How to complete this task:
Below are records to be repeated exactly. Leave their pictures behind.

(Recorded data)

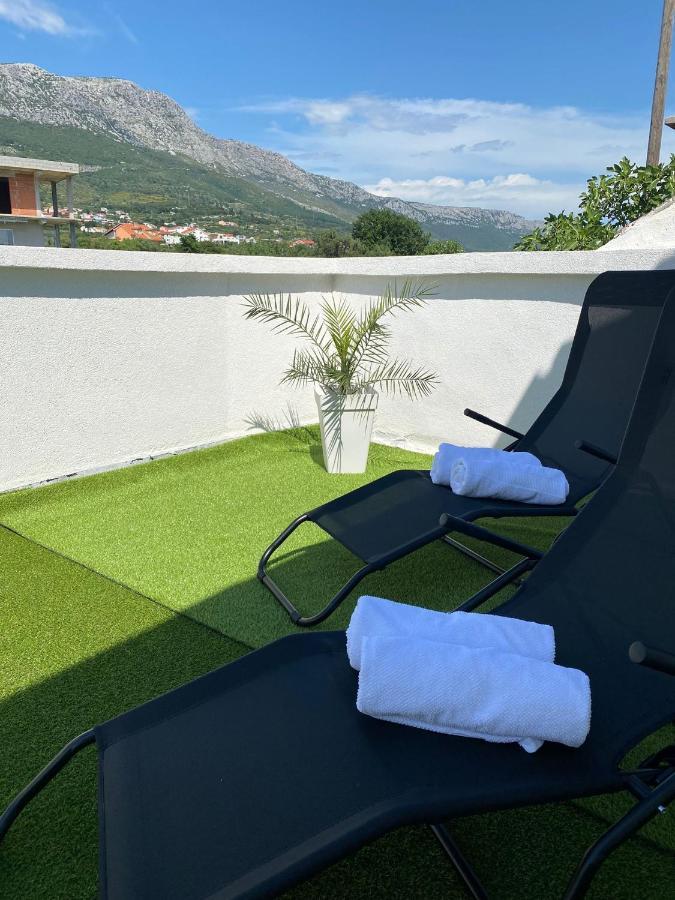 Apartment Milena Kastela Mit Whirlpool Luaran gambar
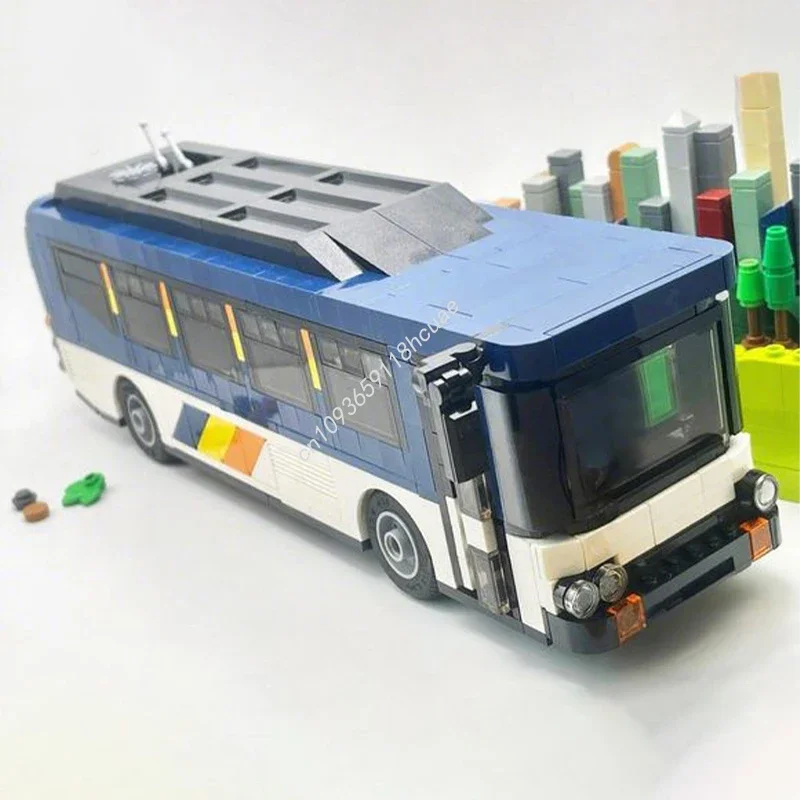 626pcs MOC City Bus City Champion Building Blocks Christmas Toy To Develop Patience And Concentration Idea Creative DIY Gift
626pcs MOC City Bus City Champion Building Blocks Christmas Toy To Develop Patience And Concentration Idea Creative DIY Gift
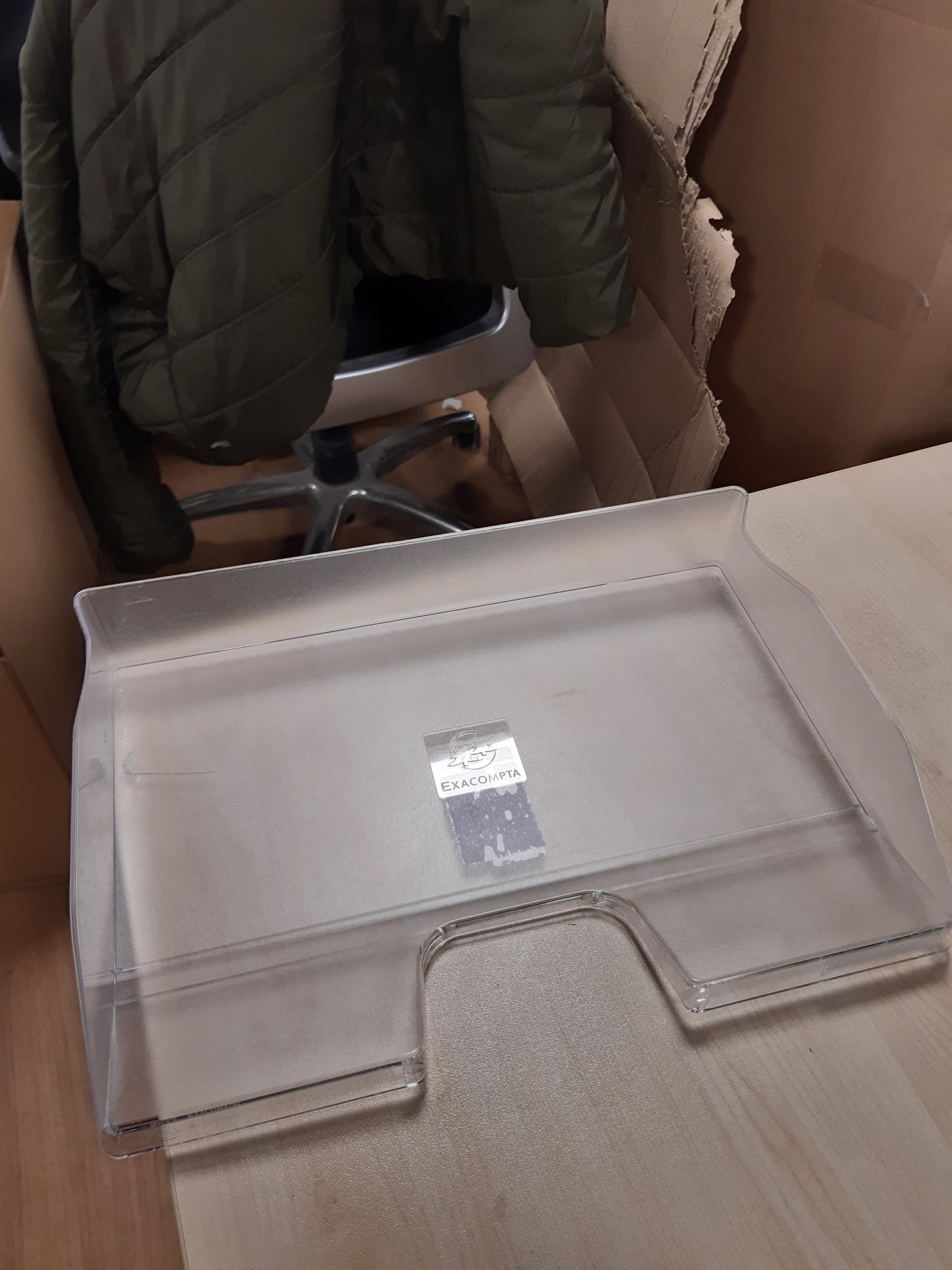 190456 - EXACOMPTA - Kutia Letrash të Stilit Italian Ref. 11723D, 1 Tabaka, Përmban Deri në 500 Fletë, Format A4+, 25.5 x 36.5 x 6.5 cm, Ngjyra Kristali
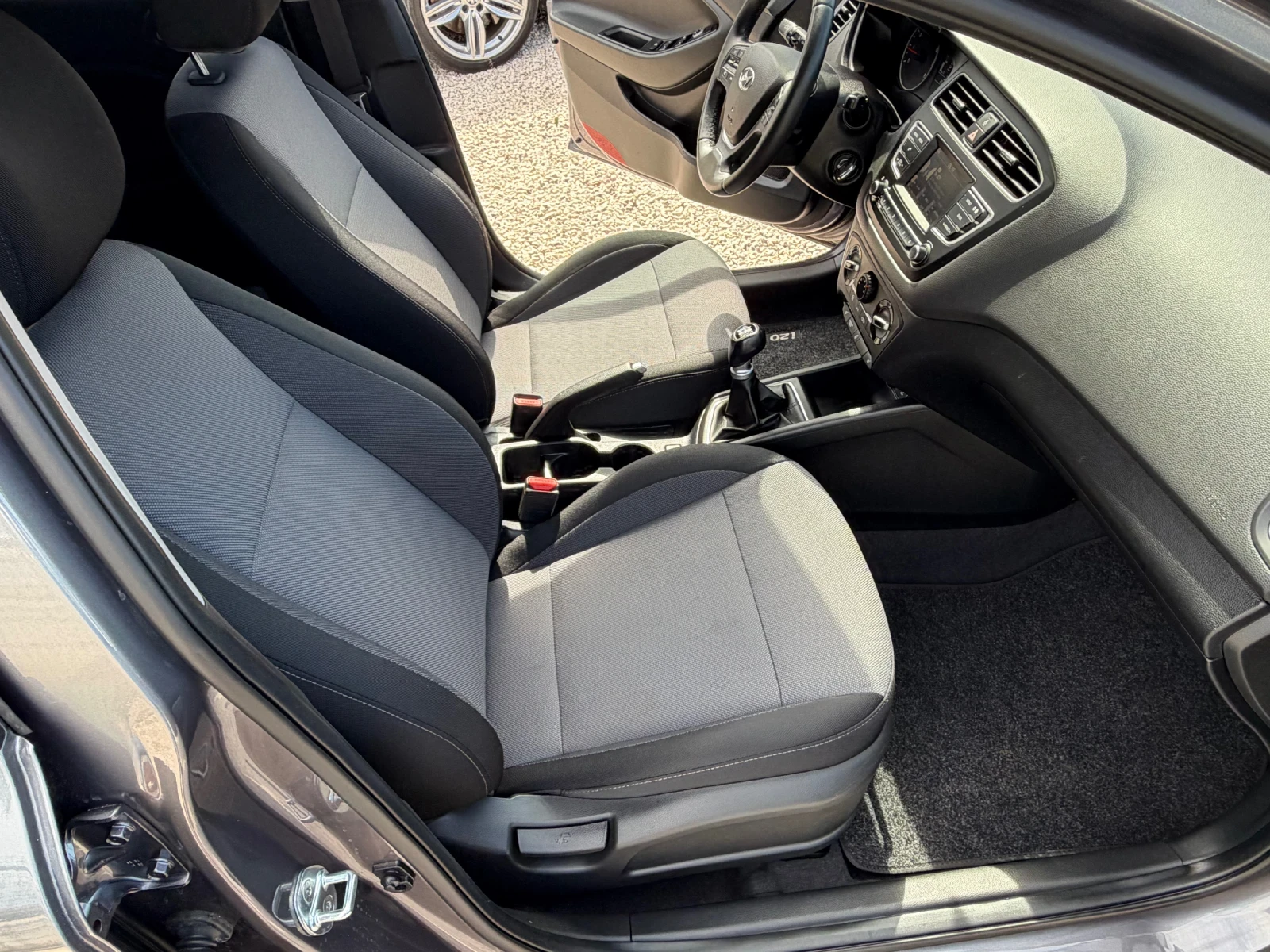 Hyundai I20 90000км, снимка 15 - Автомобили и джипове - 54930991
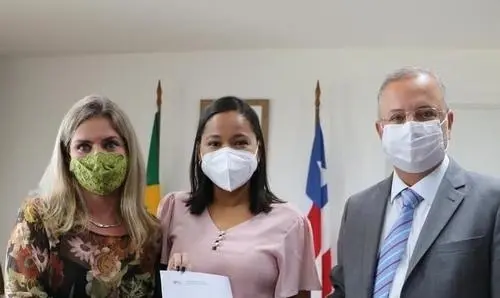 Deputada e prefeita asseguram investimentos para a saúde de Contendas do Sincorá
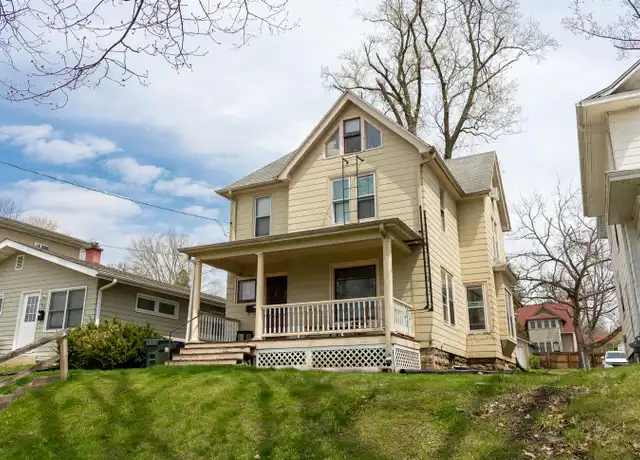 Property at 518 S Lucas St, Iowa City, IA, 52240, 6 beds, 2 baths, [object Object]
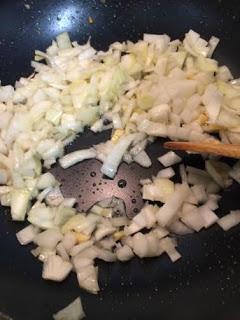 ARROZ FRITO CON GAMBAS Y PIÑA ARROZ FRITO CON GAMBAS Y PIÑA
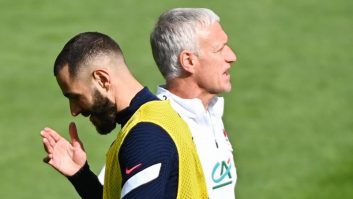 احتمال مصاحبه تند از سوی کریم بنزما علیه دیدیه دشان و تیم ملی فرانسه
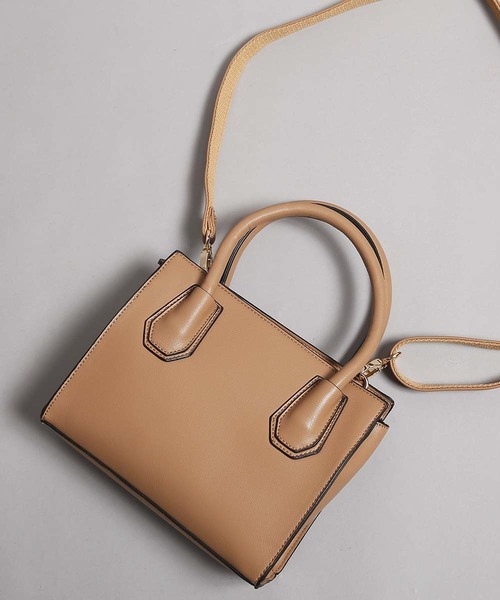 PLAIN CLOTHING（プレーンクロージング）の「モダン2wayショルダーバッグ（ショルダーバッグ・レディース・ライトグレー/ブラック/ベージュ/ネイビー/グレー/レッド/キャメル・FREE）」の21枚目の写真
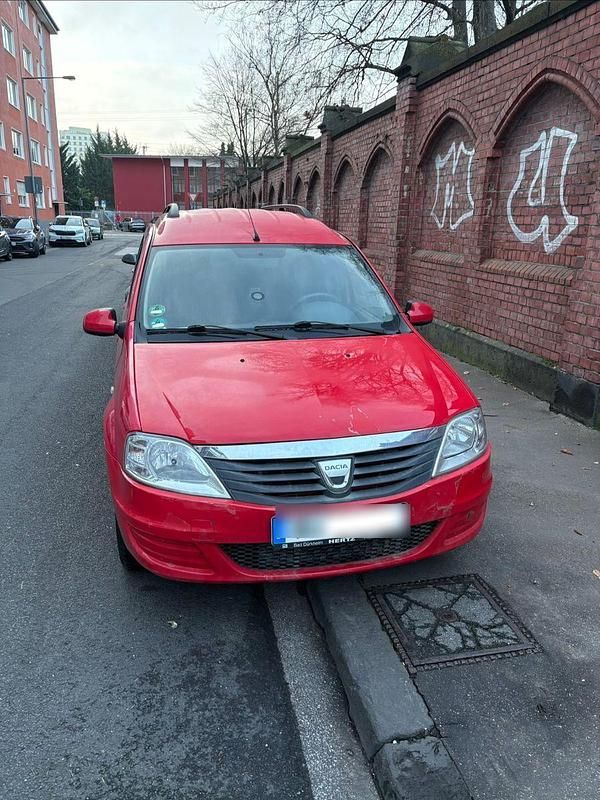 Gebraucht Dacia Logan MCV 88 PS (64 kW) 2011 Rot Kombi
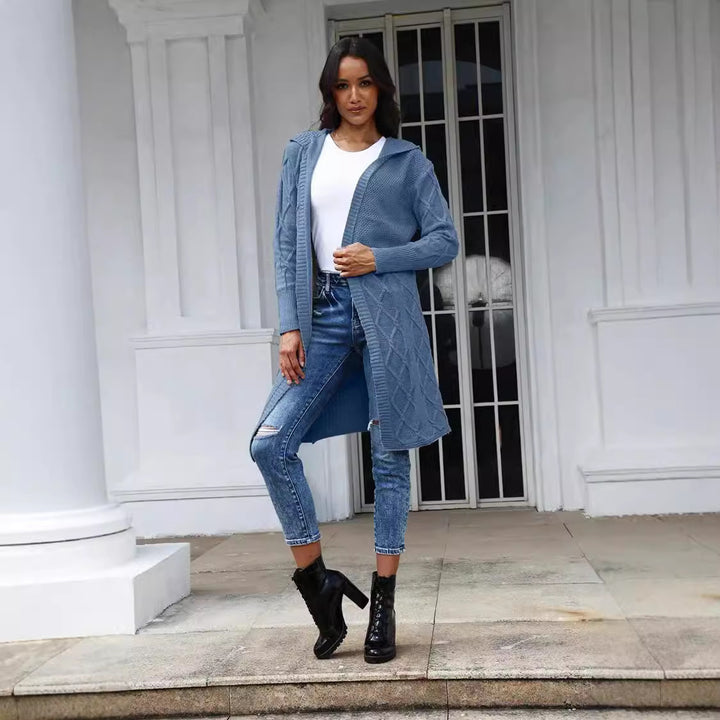 Ladies chunky knit kimono cardigan with elegant cable pattern and open sleeves Lune London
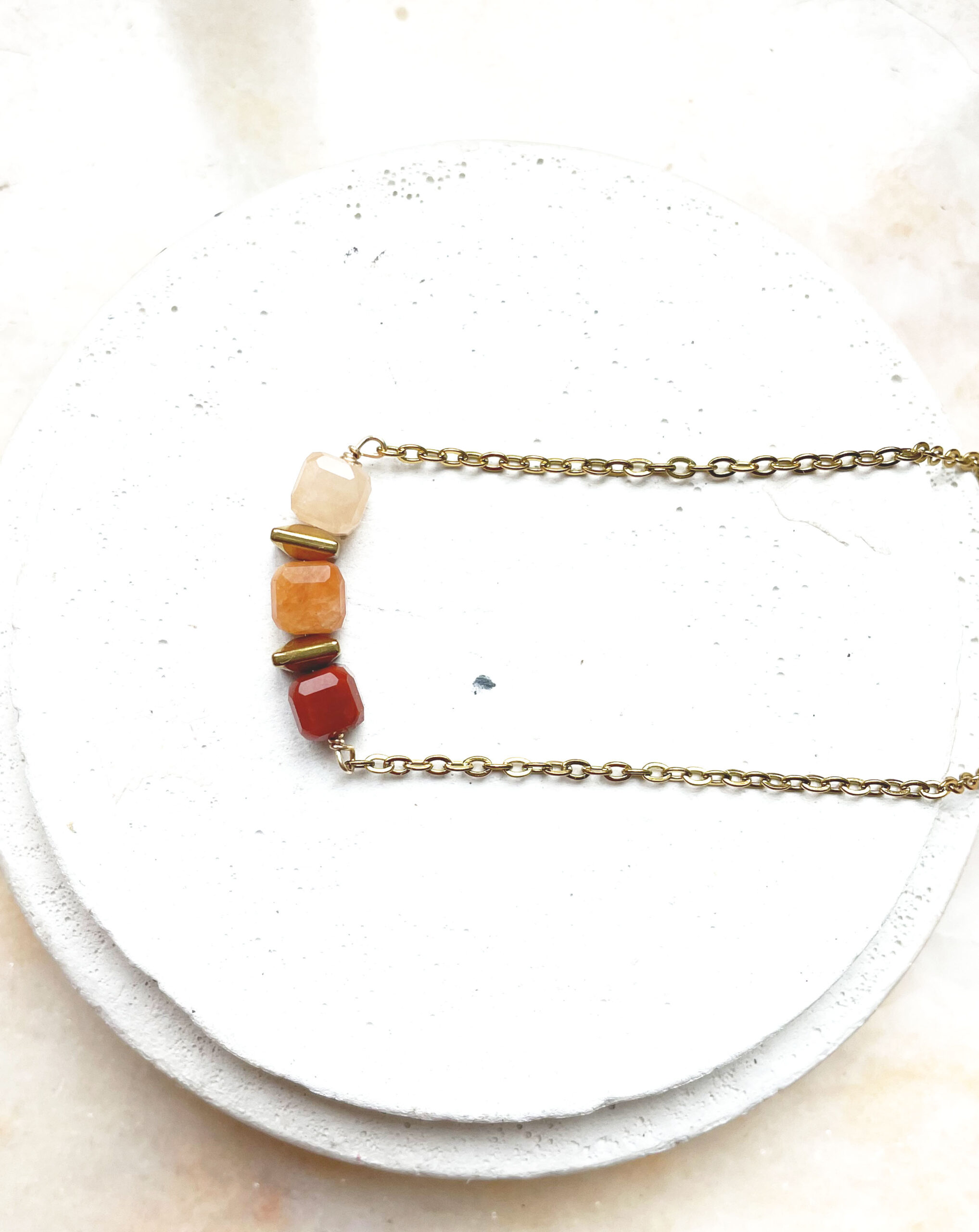 Collier JULIE camel – Image 3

Exercise response:
 Apartment Milena Kastela Mit Whirlpool Luaran gambar
 626pcs MOC City Bus City Champion Building Blocks Christmas Toy To Develop Patience And Concentration Idea Creative DIY Gift
626pcs MOC City Bus City Champion Building Blocks Christmas Toy To Develop Patience And Concentration Idea Creative DIY Gift
 190456 - EXACOMPTA - Kutia Letrash të Stilit Italian Ref. 11723D, 1 Tabaka, Përmban Deri në 500 Fletë, Format A4+, 25.5 x 36.5 x 6.5 cm, Ngjyra Kristali
 Hyundai I20 90000км, снимка 15 - Автомобили и джипове - 54930991
 Deputada e prefeita asseguram investimentos para a saúde de Contendas do Sincorá
 Property at 518 S Lucas St, Iowa City, IA, 52240, 6 beds, 2 baths, [object Object]
 ARROZ FRITO CON GAMBAS Y PIÑA ARROZ FRITO CON GAMBAS Y PIÑA
 احتمال مصاحبه تند از سوی کریم بنزما علیه دیدیه دشان و تیم ملی فرانسه
 PLAIN CLOTHING（プレーンクロージング）の「モダン2wayショルダーバッグ（ショルダーバッグ・レディース・ライトグレー/ブラック/ベージュ/ネイビー/グレー/レッド/キャメル・FREE）」の21枚目の写真
 Gebraucht Dacia Logan MCV 88 PS (64 kW) 2011 Rot Kombi
 Ladies chunky knit kimono cardigan with elegant cable pattern and open sleeves Lune London
 Collier JULIE camel – Image 3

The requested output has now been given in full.